▶ [Exercise instructions]:
In the entries that follow, find the line containing "Two people in" and the line containing "A modern gym", then copy exactly everything from the first through the second except the pictures.

▶ [Data]:
= = = = = = =

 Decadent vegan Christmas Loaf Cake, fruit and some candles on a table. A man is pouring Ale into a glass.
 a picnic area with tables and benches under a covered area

= = = = = = =

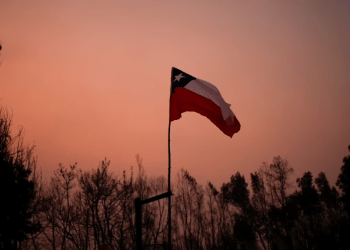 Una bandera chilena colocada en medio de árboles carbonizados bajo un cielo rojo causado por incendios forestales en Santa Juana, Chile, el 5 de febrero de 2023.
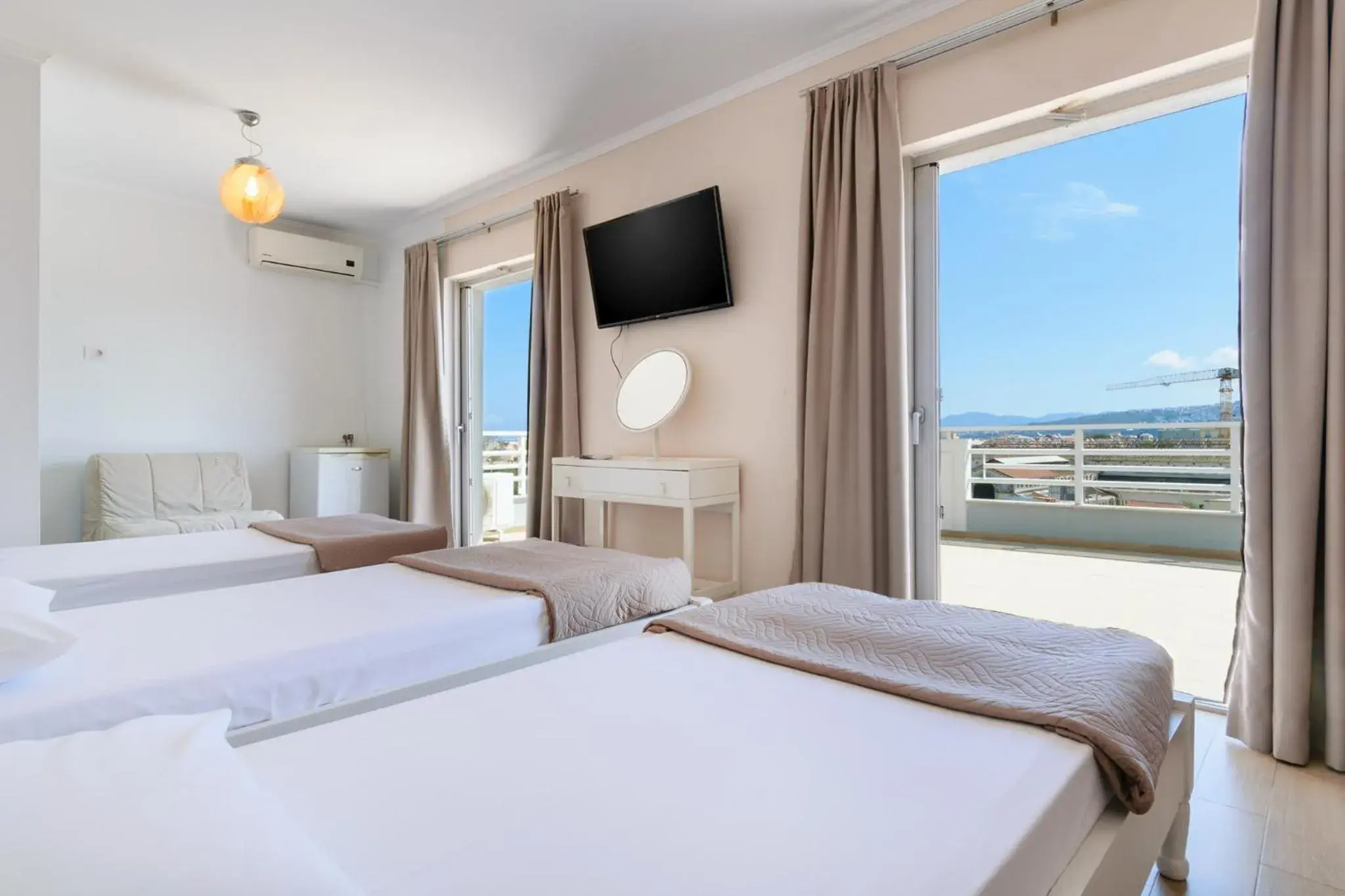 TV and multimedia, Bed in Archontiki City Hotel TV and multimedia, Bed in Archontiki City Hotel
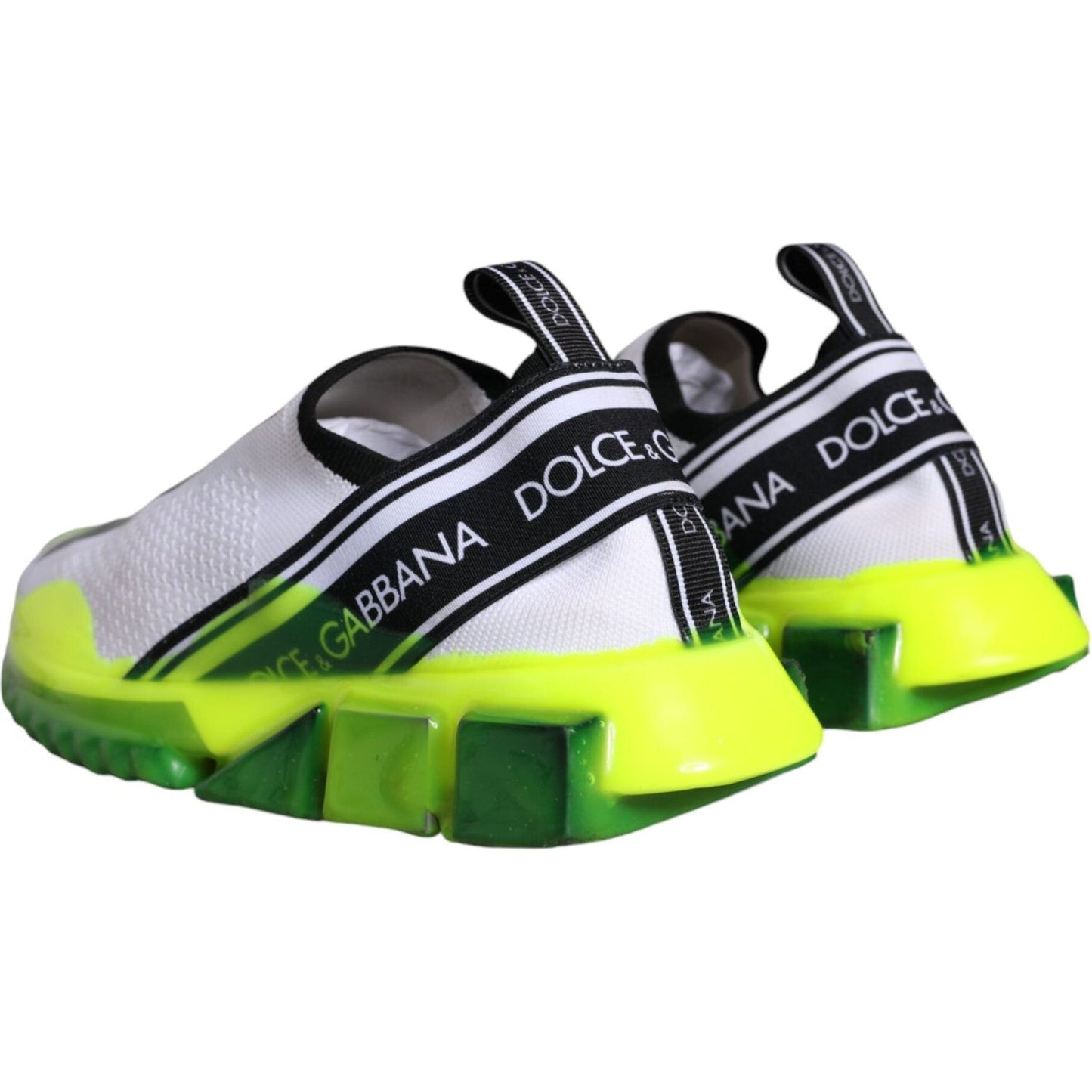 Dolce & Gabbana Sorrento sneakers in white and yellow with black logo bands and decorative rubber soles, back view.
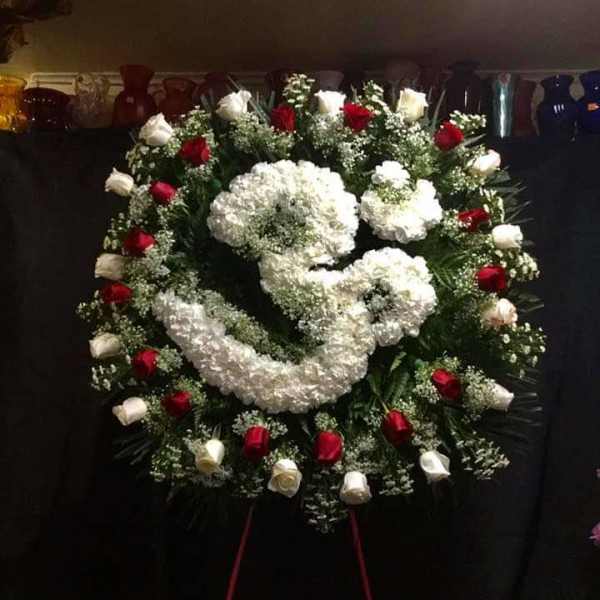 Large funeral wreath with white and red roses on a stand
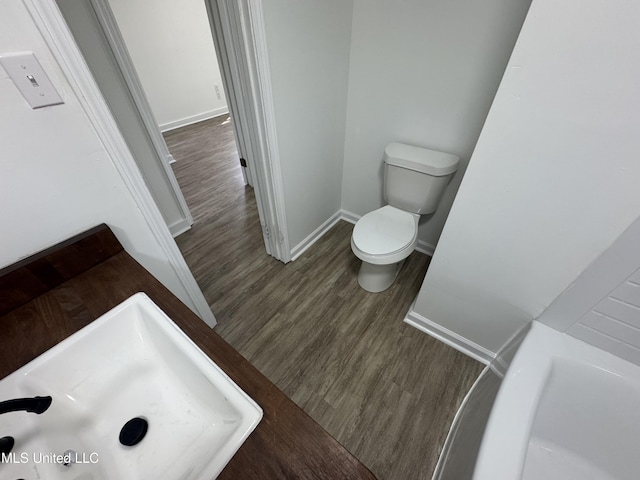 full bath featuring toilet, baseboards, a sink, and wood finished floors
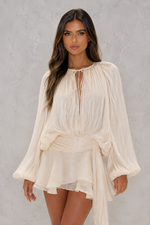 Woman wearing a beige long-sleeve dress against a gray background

= = = = = = =

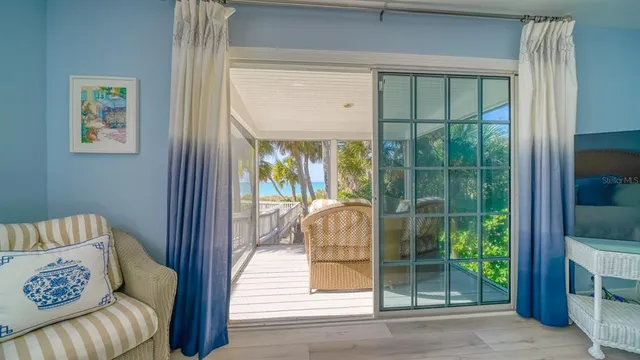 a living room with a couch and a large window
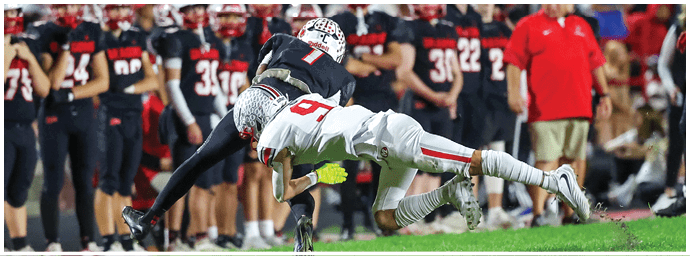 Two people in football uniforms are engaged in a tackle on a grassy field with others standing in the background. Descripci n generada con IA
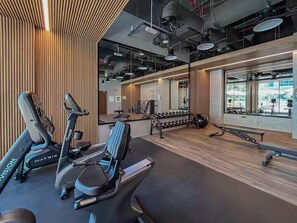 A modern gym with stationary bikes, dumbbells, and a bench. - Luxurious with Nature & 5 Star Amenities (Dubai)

= = = = = = =

▶ [Answer space]:
 Two people in football uniforms are engaged in a tackle on a grassy field with others standing in the background. Descripci n generada con IA
 A modern gym with stationary bikes, dumbbells, and a bench. - Luxurious with Nature & 5 Star Amenities (Dubai)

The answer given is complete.